■ **HOW TO COMPLETE THIS TASK**
Taking only the lines of the data below from the line with "Проблемная ситуация в" to the line with "hybrid-concept-24.jpg Apua yritysjohdon", ends included, write them out exactly and without pictures.

■ **MATERIALS PROVIDED**
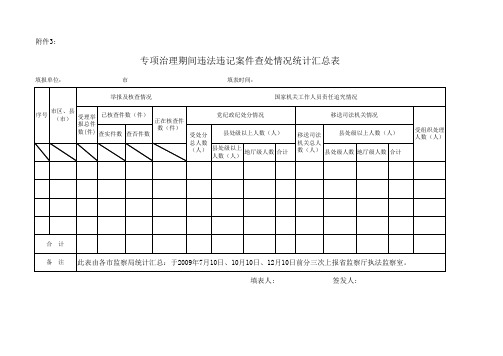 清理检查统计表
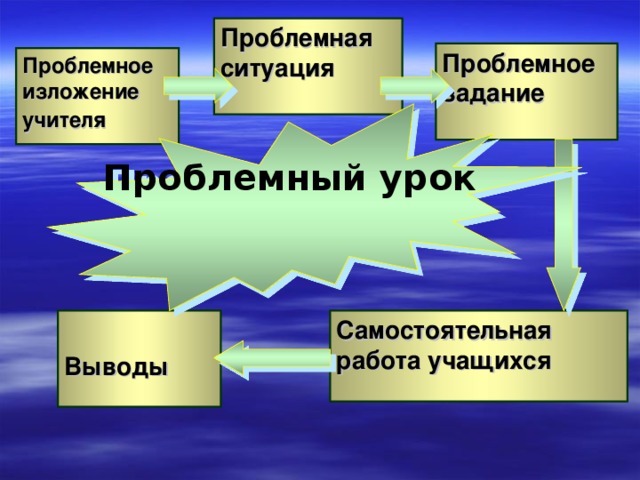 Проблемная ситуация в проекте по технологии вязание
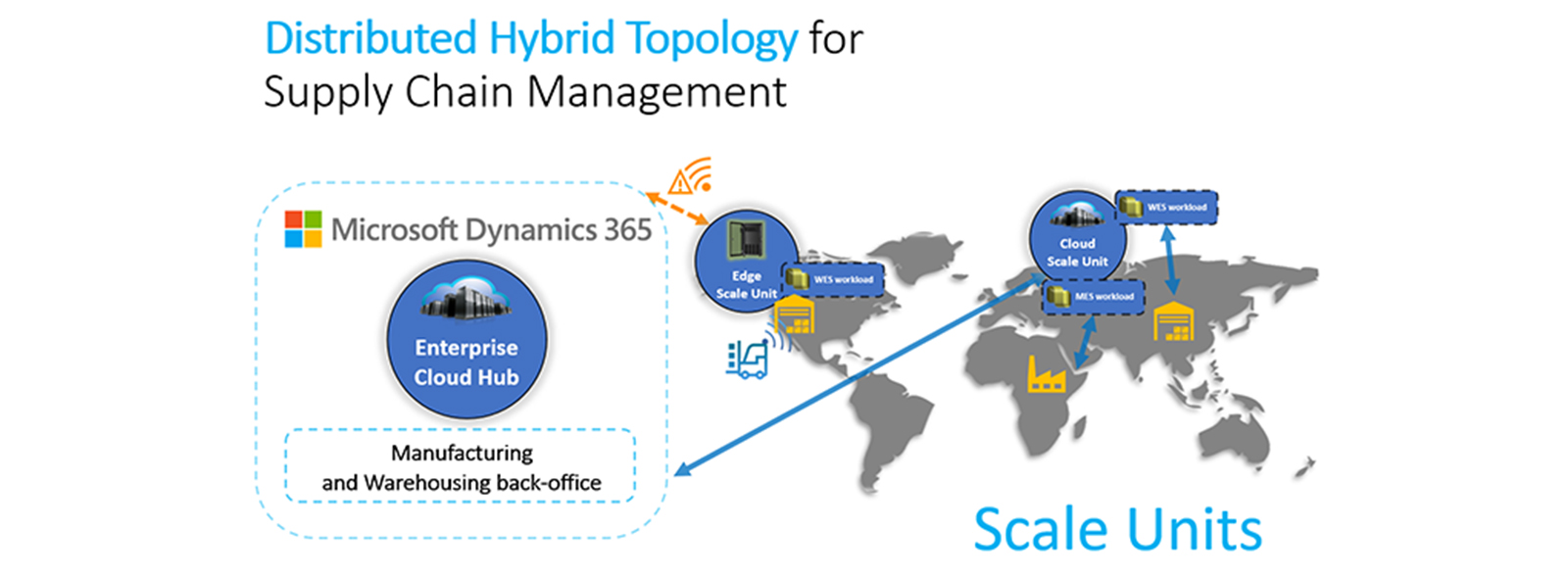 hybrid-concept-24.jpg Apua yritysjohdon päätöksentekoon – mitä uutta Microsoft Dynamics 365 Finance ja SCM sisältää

==

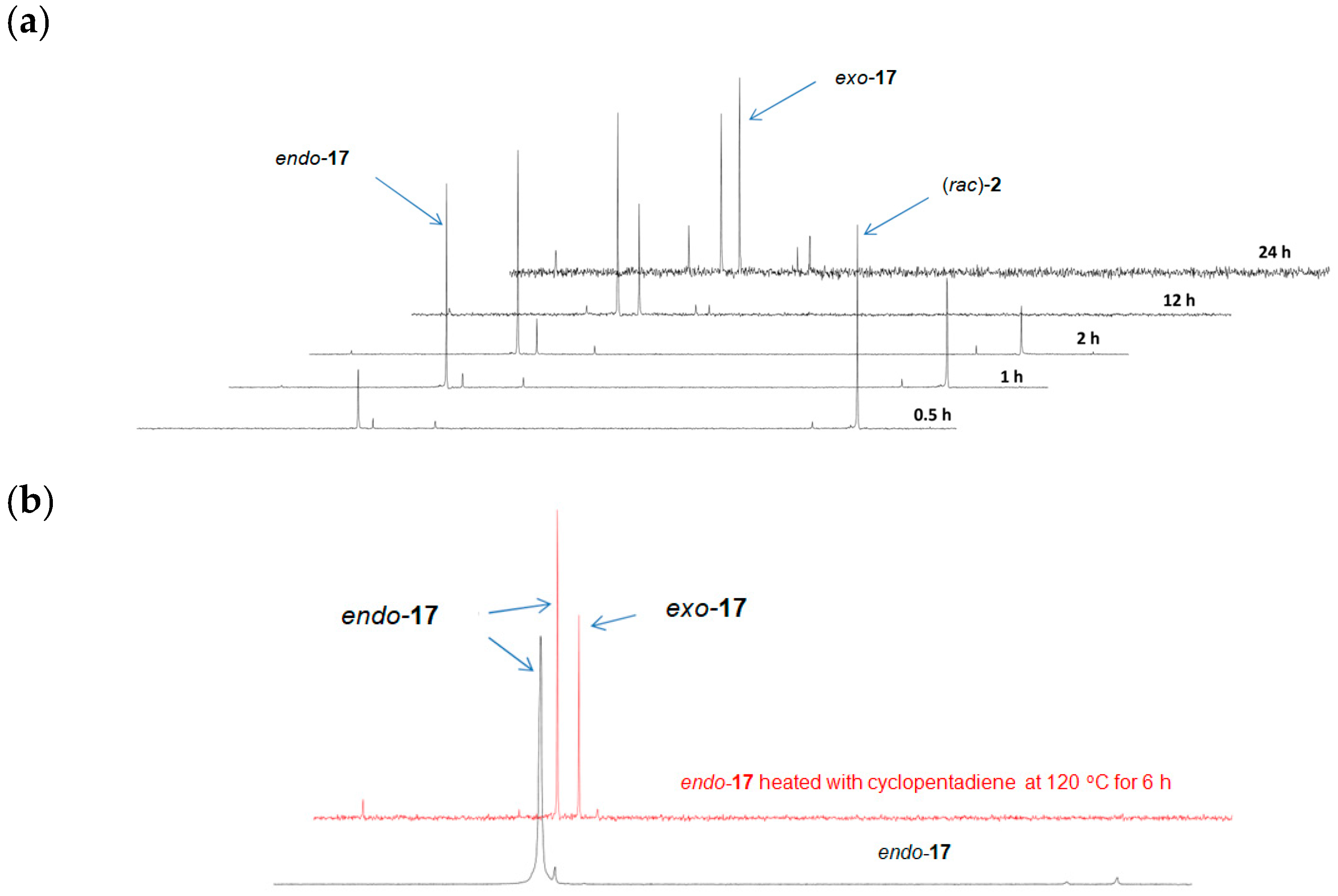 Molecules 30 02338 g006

--

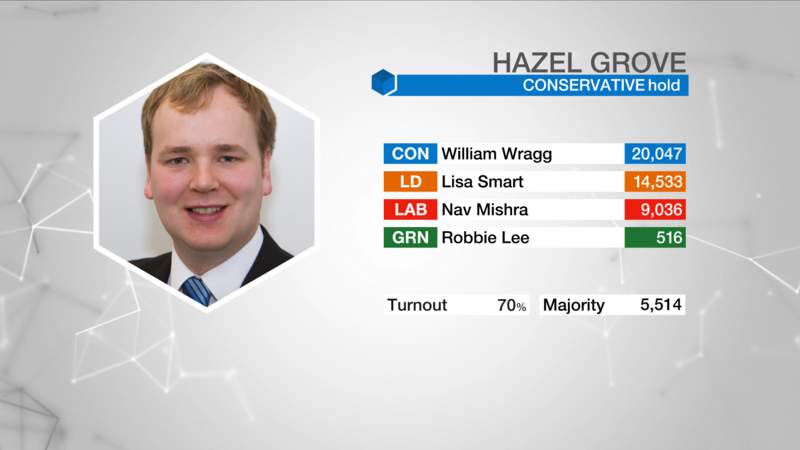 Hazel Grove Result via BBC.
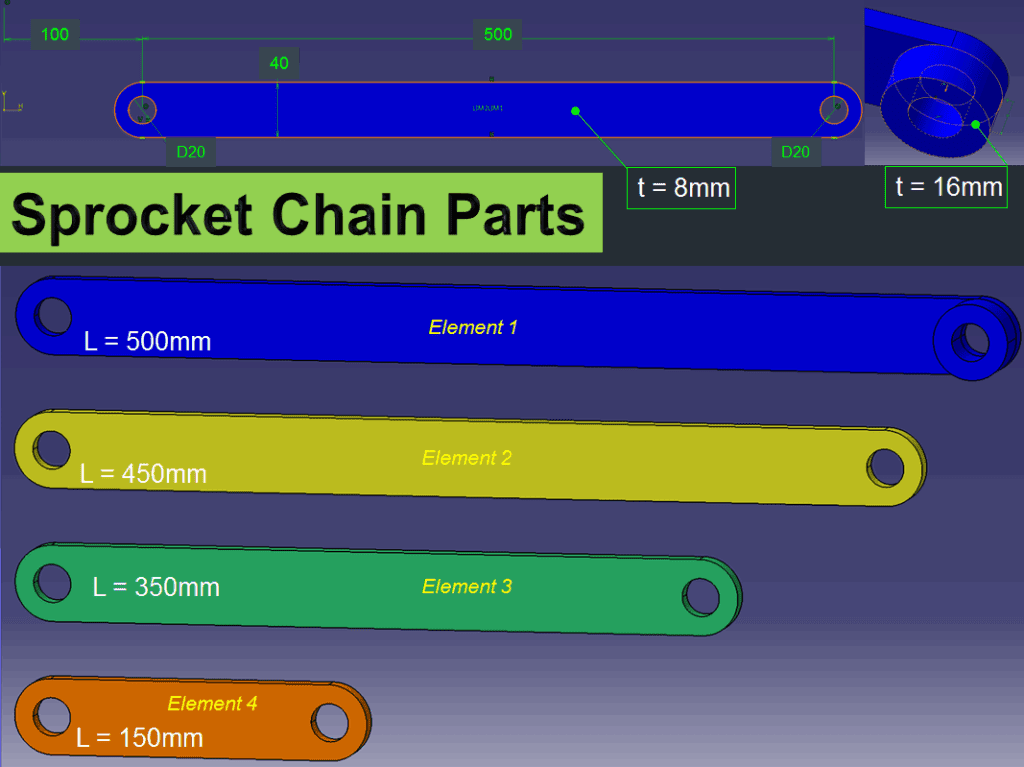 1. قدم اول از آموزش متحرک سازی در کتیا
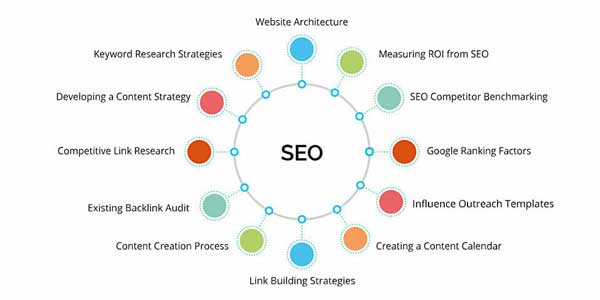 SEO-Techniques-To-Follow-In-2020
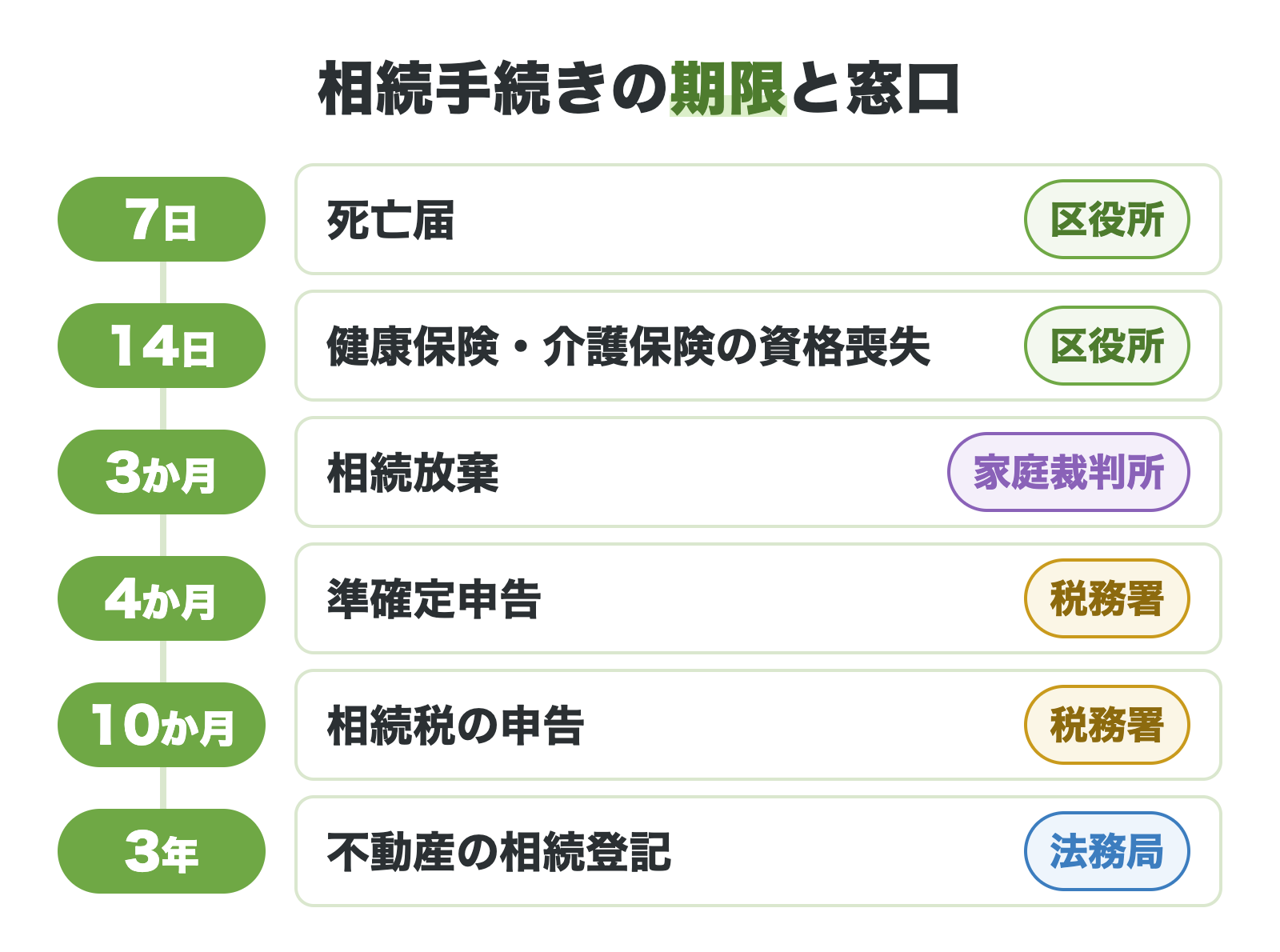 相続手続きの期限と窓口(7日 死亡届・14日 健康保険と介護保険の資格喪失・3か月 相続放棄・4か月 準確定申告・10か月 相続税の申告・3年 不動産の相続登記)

■ **EXERCISE RESULT**
 Проблемная ситуация в проекте по технологии вязание
 hybrid-concept-24.jpg Apua yritysjohdon päätöksentekoon – mitä uutta Microsoft Dynamics 365 Finance ja SCM sisältää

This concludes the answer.